Segment Start: Supplied material

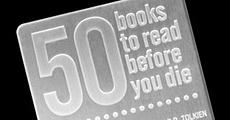 Метален разделител “50 книги”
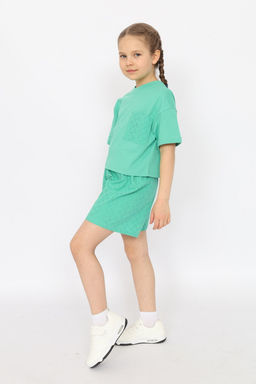 CRB wear/ CSJG 63798-37-399 Футболка для девочки,зеленый/Ex.Cherubino  фото 2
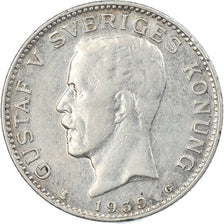 Coin, Sweden, Gustaf V, Krona, 1939, VF(30-35), Silver, KM:786.2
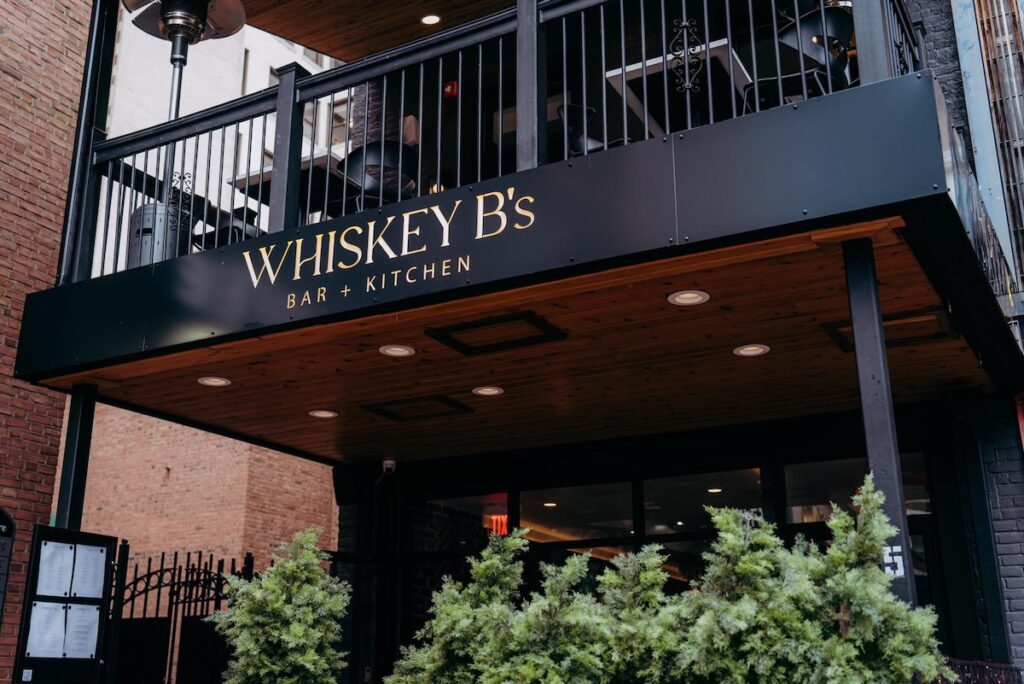The terrace of Whiskey B's in Market Square.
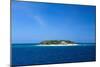 Fiji. Boats head towards Beachcomber Island, in the Mamanuca Island chain.-Micah Wright-Mounted Photographic Print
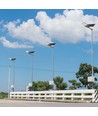 Lampadaire solaire LED 20W - 2500lm, IP65, 6500K, avec panneau solaire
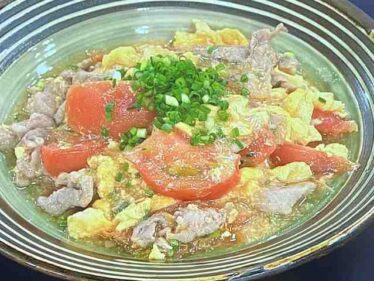 【あさイチ】豚肉トマト卵炒めのレシピ きじまりゅうたさん2025年6月17日放送みんなゴハンだよ 6 butatomatotamago0617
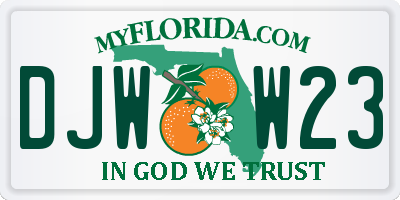 FL license plate DJWW23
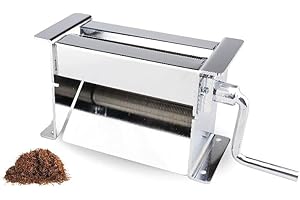 ALL HOME BASICS Maquina cortadora de tabaco - Maquina de picar tabaco - Maquina de corte hojas tabaco - Maquina cortar tabaco - Maquina para triturar tabaco - Trituradora de tabaco - corte fino 0,8 mm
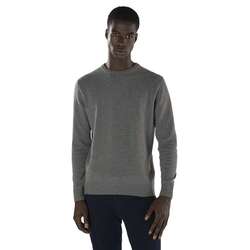Basic eco-cashmere sweater, grey, size xxl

Segment End: Supplied material

Prompt -> Please retype, exactly and only, the lines from the one holding "ALL HOME BASICS" to the end of the entries, both ends included, without any pictures.

Your response ->
 ALL HOME BASICS Maquina cortadora de tabaco - Maquina de picar tabaco - Maquina de corte hojas tabaco - Maquina cortar tabaco - Maquina para triturar tabaco - Trituradora de tabaco - corte fino 0,8 mm
Basic eco-cashmere sweater, grey, size xxl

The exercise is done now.